What the task requires
Only the lines from the one containing "Manila Water to" through the last line of the data below belong in your answer, copied exactly and without pictures.
(Recorded data)
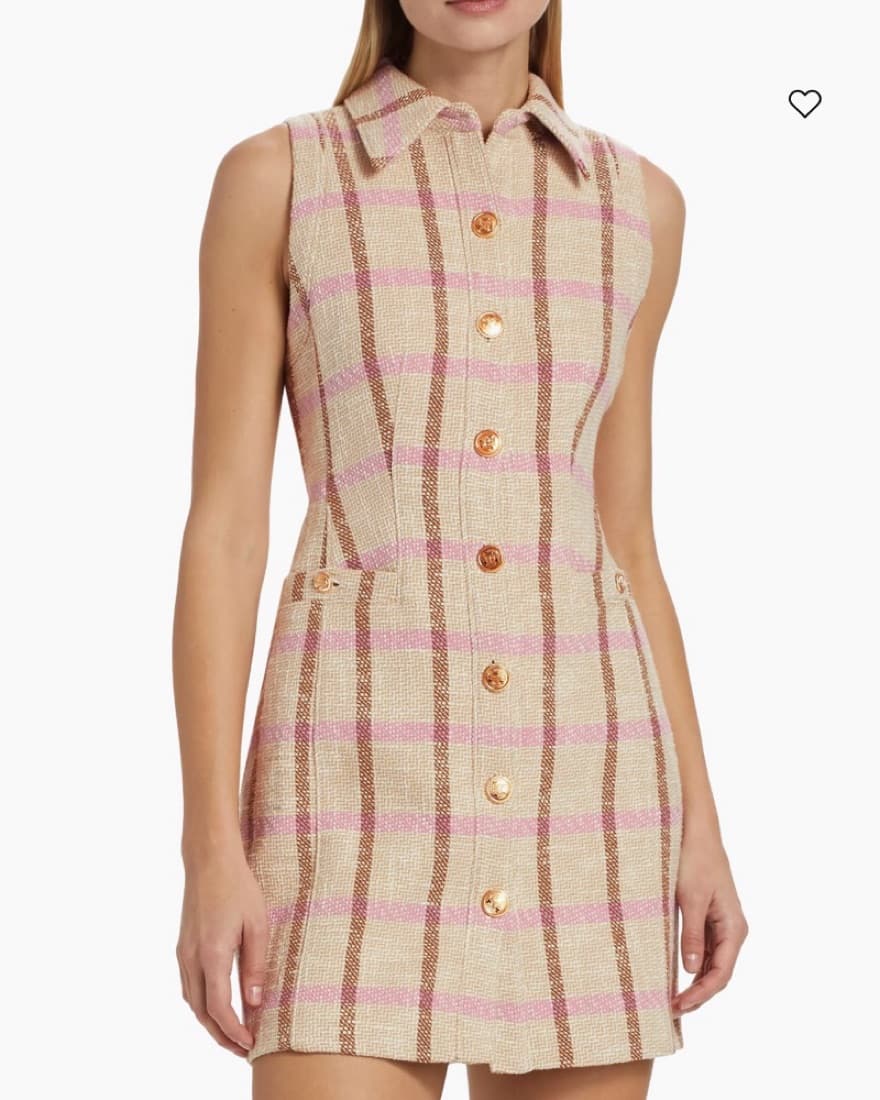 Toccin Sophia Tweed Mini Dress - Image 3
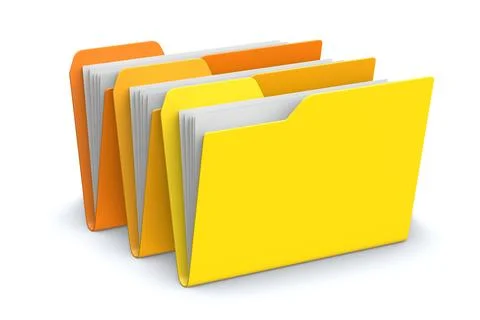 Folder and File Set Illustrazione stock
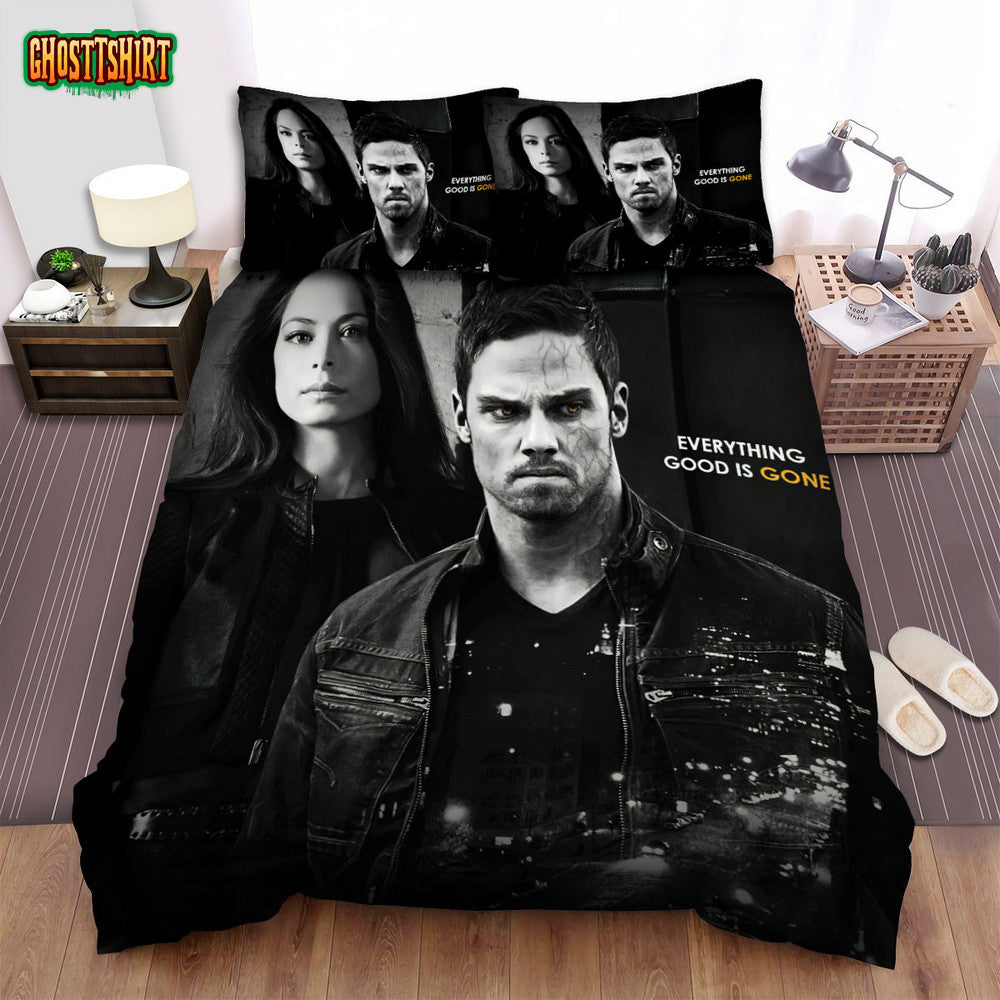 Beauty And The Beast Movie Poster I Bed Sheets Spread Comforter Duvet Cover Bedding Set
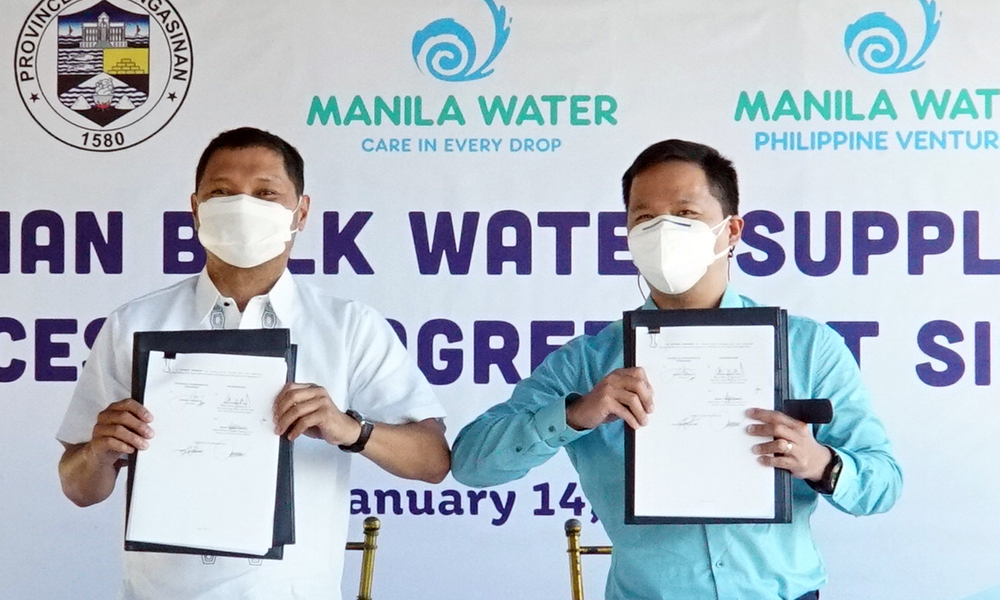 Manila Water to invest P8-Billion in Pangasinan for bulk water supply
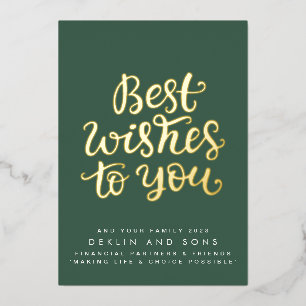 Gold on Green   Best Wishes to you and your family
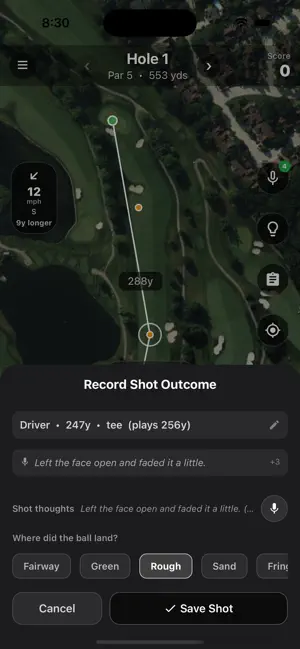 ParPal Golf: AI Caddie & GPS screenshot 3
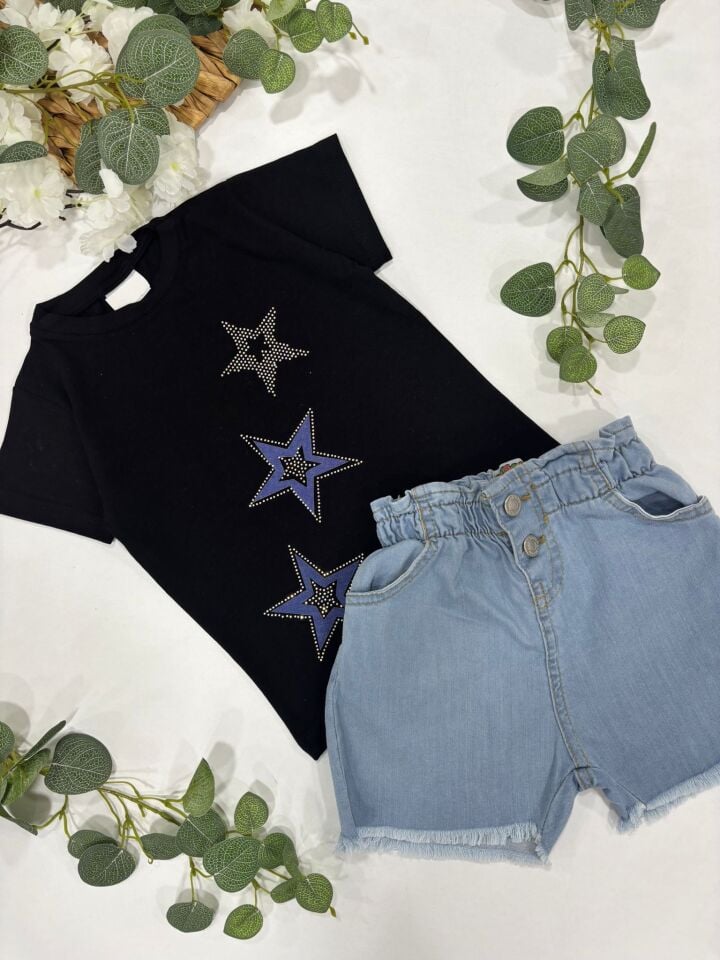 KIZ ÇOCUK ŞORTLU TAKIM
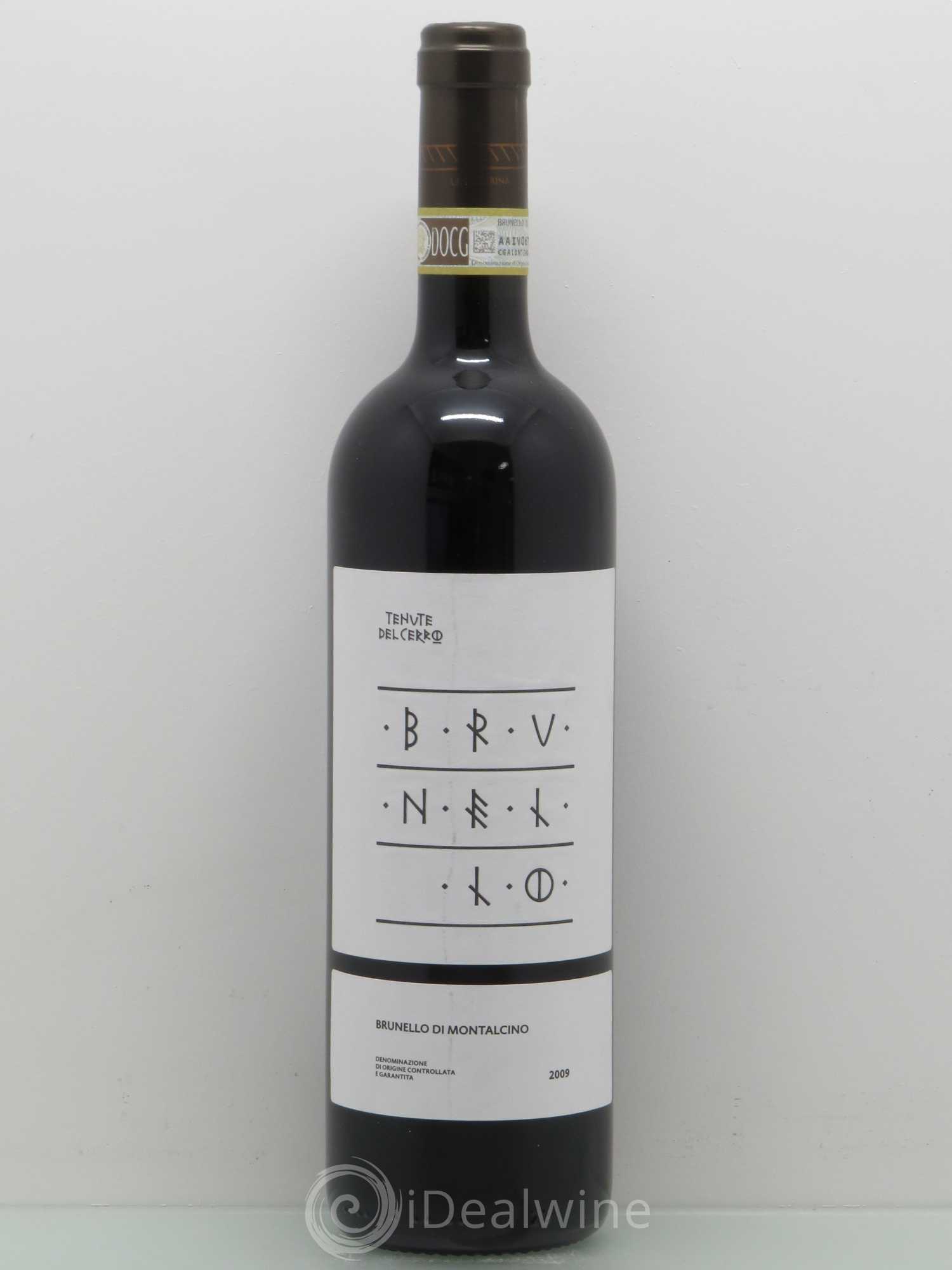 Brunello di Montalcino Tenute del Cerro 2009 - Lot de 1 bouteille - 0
(End Recorded data)
Solved exercise
 Manila Water to invest P8-Billion in Pangasinan for bulk water supply
 Gold on Green   Best Wishes to you and your family
 ParPal Golf: AI Caddie & GPS screenshot 3
 KIZ ÇOCUK ŞORTLU TAKIM
 Brunello di Montalcino Tenute del Cerro 2009 - Lot de 1 bouteille - 0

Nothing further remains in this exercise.